Genio y locura

El tema que relaciona la creatividad con los estados alterados de la consciencia ha sido muy estudiado por psicólogos y psiquiatras. No sabemos si motivados por curiosidad científica o un cierto tipo de envidia inconsciente, los autores que se han interesado por el tema son muchos. La literatura científica y de divulgación no cesa de insinuar (quizás no se animen a decirlo tan abiertamente como lo hizo Platón) que posiblemente una leve alteración, una pizca de locura es necesaria, aunque no suficiente, para el proceso creador.

Los que son muy cuerdos, equilibrados, dueños de sí mismos y controlados sufrirían de una especie de constipación emocional, una forma indeterminada de analfabetismo emocional que le impediría ir más allá de la razón, y por definición el genio creador no solo no necesita la lógica sino que le estorba. 

La gran mayoría de  los datos obtenidos apuntan a que una cantidad considerable de los grandes genios creativos en el área de la pintura, la literatura y la música poseían y poseen cierto desnivel productivo.
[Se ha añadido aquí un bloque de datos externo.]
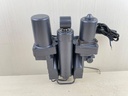 6H1-43800-17-4D Yamaha 2 Stroke 92+ Power Trim Tilt Unit Assembly 60 70 75 85 90 HP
Según algunas investigaciones al menos el 50% de ellos indicó un brusco  cambio del ánimo poco antes del período creativo: jubilosos, eufóricos, esperanzados o arrobados. Un 30% estaba en el otro extremo del tono afectivo, y dijeron pasar por un profundo estado de malestar psicológico: ansiosos, ideas de suicidio, aflicción, temor. Y un 20 % sostuvo tener cambios combinados de tristeza y exaltación. Algo pasa antes, no sabemos que es, pero algo ocurre.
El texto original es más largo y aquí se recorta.